* [EXERCISE DESCRIPTION]
Return, word for word, every line starting at the line with "EFE/J. Pazos EFE/J. Pazos" and ending at the final line of the entries; skip the pictures.

(SOURCE MATERIAL begins)

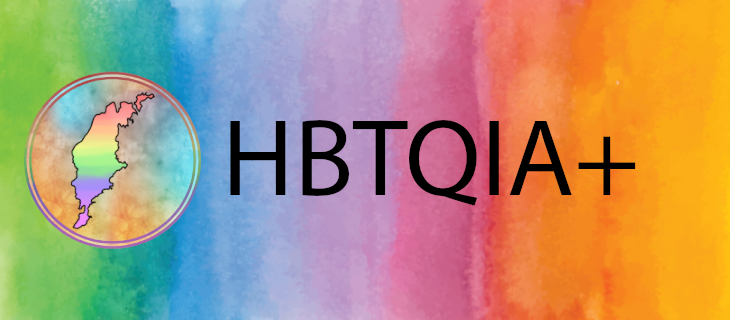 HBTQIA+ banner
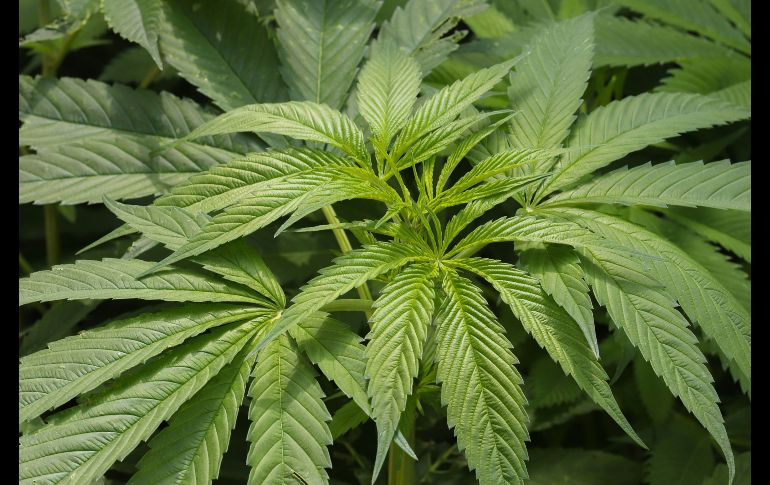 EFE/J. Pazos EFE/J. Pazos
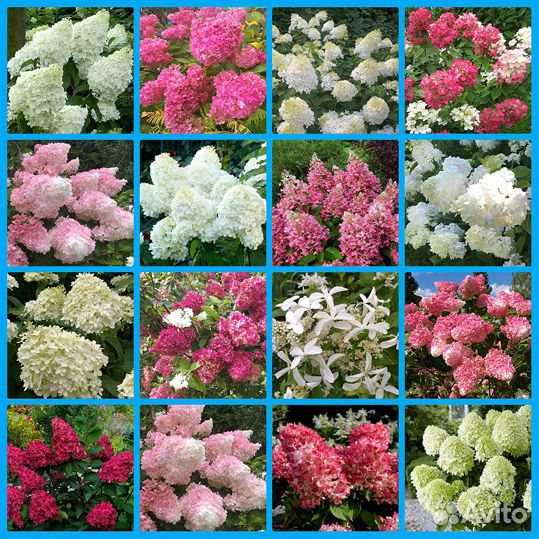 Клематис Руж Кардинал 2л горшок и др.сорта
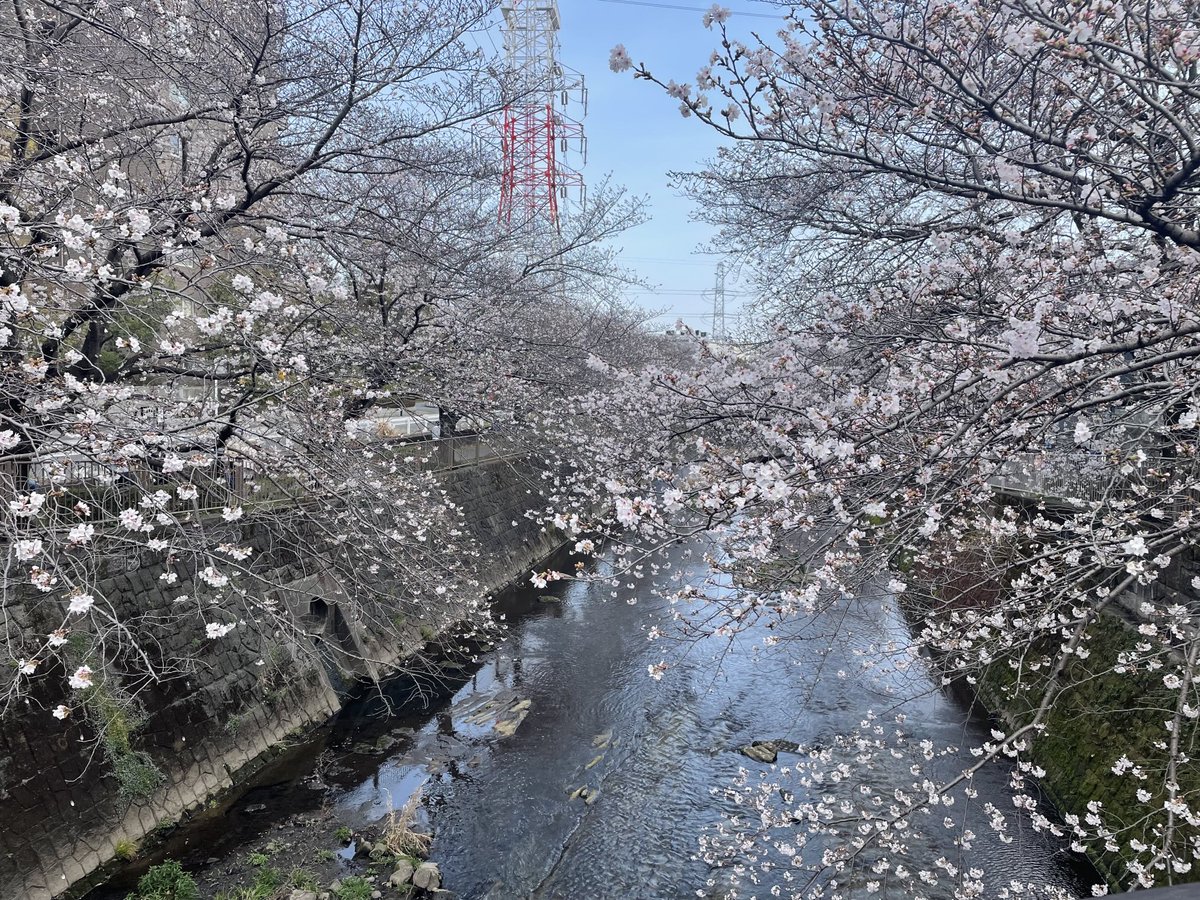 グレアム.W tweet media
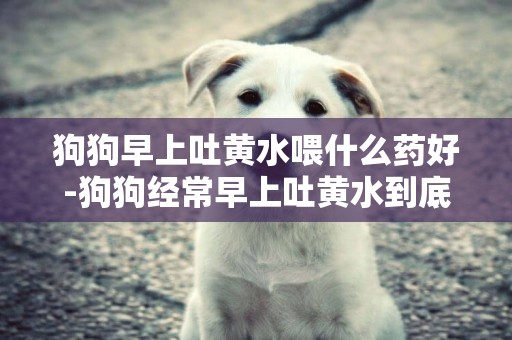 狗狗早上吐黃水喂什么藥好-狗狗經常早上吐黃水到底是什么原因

(SOURCE MATERIAL ends)

* [OUTPUT]
 EFE/J. Pazos EFE/J. Pazos
 Клематис Руж Кардинал 2л горшок и др.сорта
 グレアム.W tweet media
 狗狗早上吐黃水喂什么藥好-狗狗經常早上吐黃水到底是什么原因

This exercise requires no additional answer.